Working collaboratively with the young girls, this photo essay chronicles their lives in domesticity and their attempt to readapt to family life after being reunited with their biological parents.
Djuna Pierre, lives in Martissant, a dusty and deadly community in the heart of Port-au-Prince. Since her mother ran away last December, Djuna lives with Frisnou, her half-sister, and Fritz Belfleur, her stepfather, a stubborn man in his late forties.
For one, there is love; for the other, indifference. “I beat Djuna because she is not my real child,” Belfleur told me. “If my circumstances were better, my relationship with her would be different. We would live in harmony.”

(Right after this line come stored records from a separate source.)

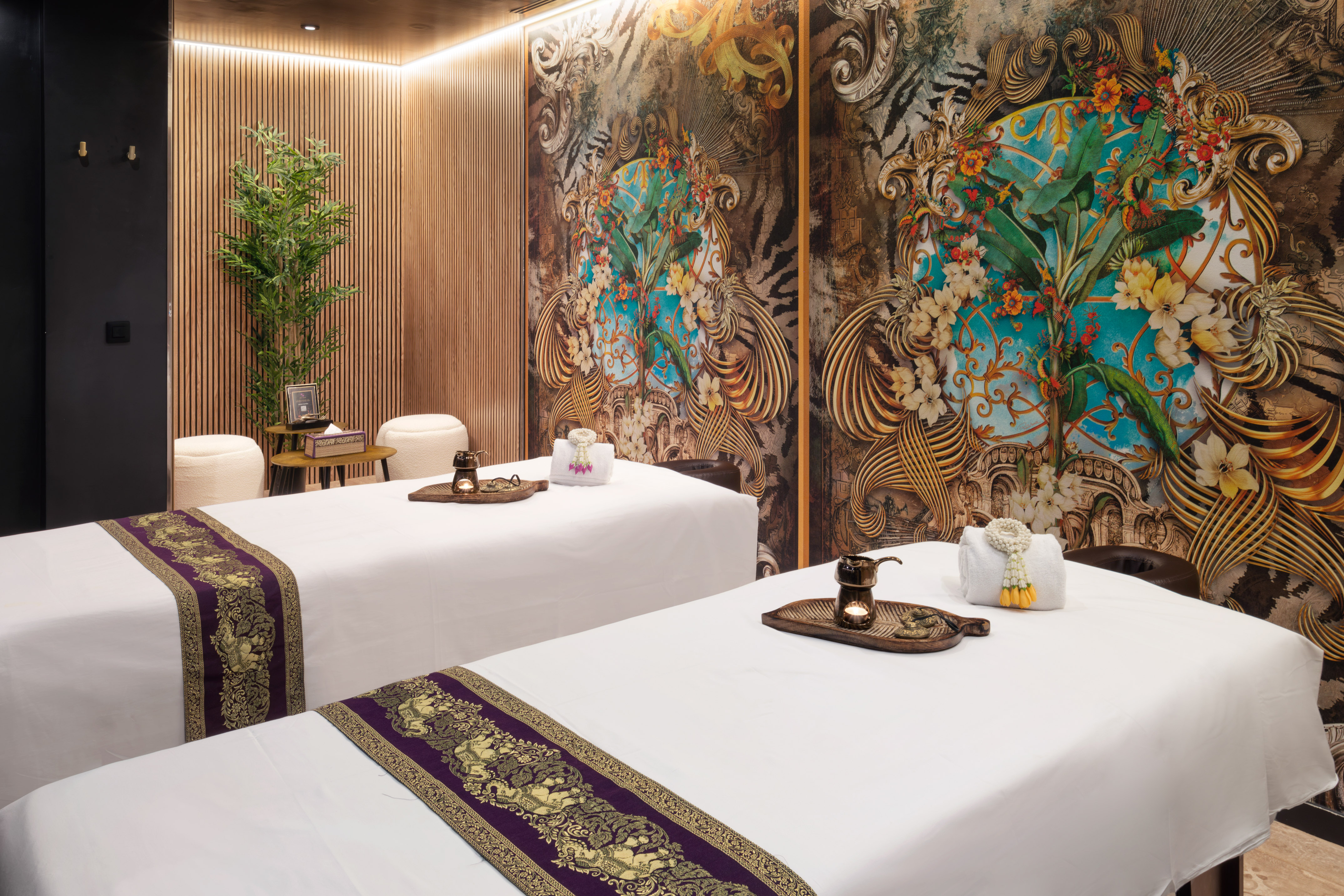 Relaxing spa treatment room with two massage beds and exotic floral wall art.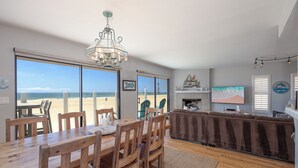 A dining area with a view of the beach, a chandelier, and a TV on the wall. - 1213O Local's Choice at Silverstrand (Oxnard)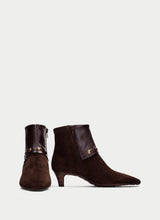 Load image into Gallery viewer, A pair of dark brown suede ankle boots with pointed toes, low kitten heels, and gold-tone hardware details, shown against a light gray background.

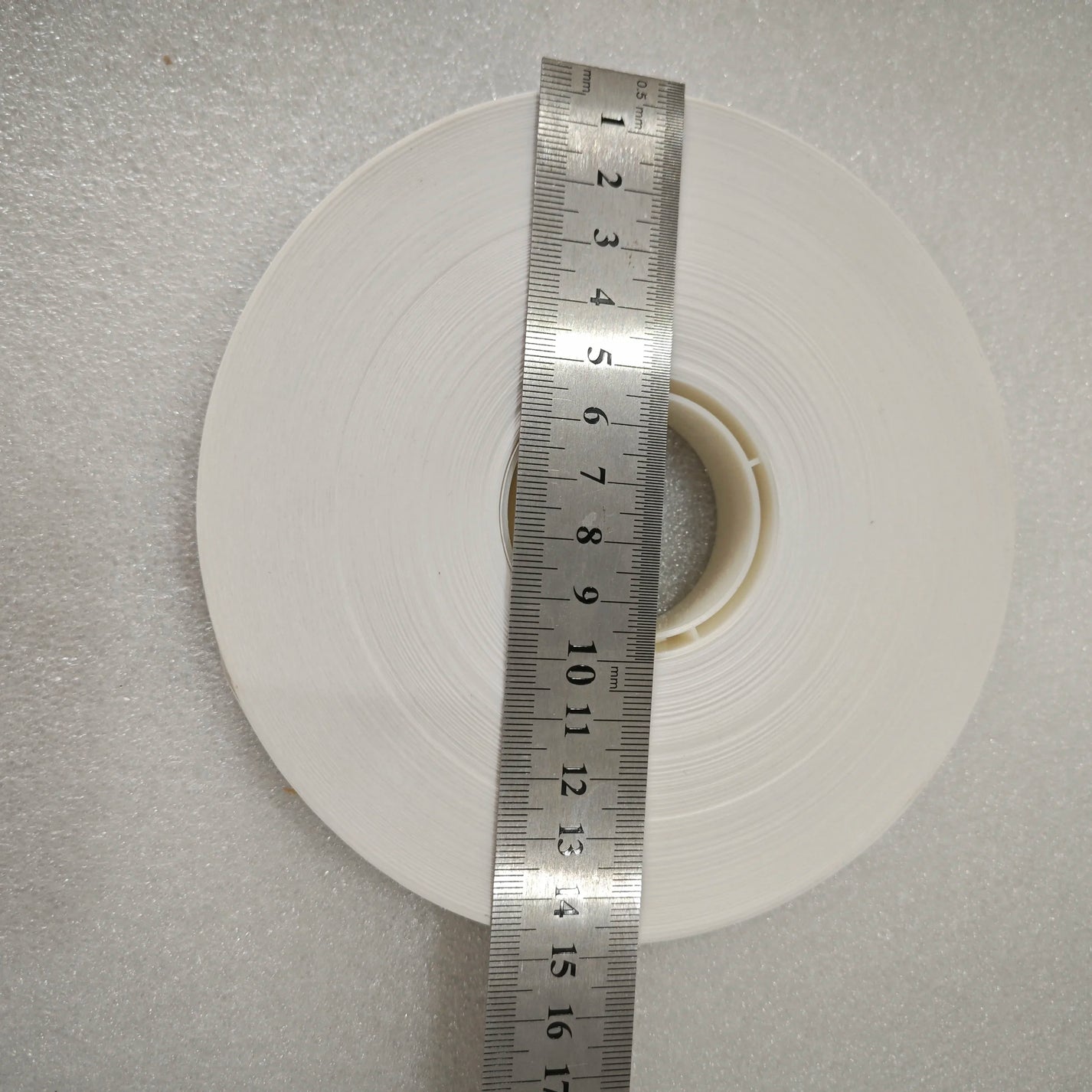 15cm outer diameter banknote banding paper tape roll measured with ruler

Faïka Lionel lives in Carrefour, an overpopulated neighborhood in Haiti’s capital. Her mother, Clermise Augustin, embodies the Haitian proverb 'pitit se riches': Children are wealth. Believing that the more children she brings into the world, the better chance she has of dodging misery, Augustin is a mother of eight. She was able to keep only two.
Faïka ended up at her sister’s. In her hometown of Laval, schools are a rare commodity. Most children end up picking crops in nearby fields or helping around the house. But Augustin wanted a brighter future for her children.
“Every time I eat something, I think of them,” she said, sitting next to a burning stove heating a single portion of rice. “But I have to stay silent because there is nothing I can do.”
Rose-Laure was born in Kenscoff, an agricultural village. To this day, Rose-Laure remains a mystery: An abandoned wanderer with no identifying documents. After being physically abused by her domestic parent, Rose-Laure ran away. A life on the streets felt safer than staying put.
Staffers from Sofalam, a local organization working to assist homeless girls, found her and took her in. Most Sofalam charges are reunited with their families after a month in a temporary home, but Rose-Laure has been here for more than eight months.
Social workers cannot locate her family; she was too little when she left town and struggles to remember even hints of her past. Her mother, some say, has died.
This ongoing body of work sheds light on the different origins and consequences of each narrative, suggesting that domesticity is no singular concept or idea; rather, it is a spectrum in grayscale of all kinds of relationships that shape the realities of Haitian youth.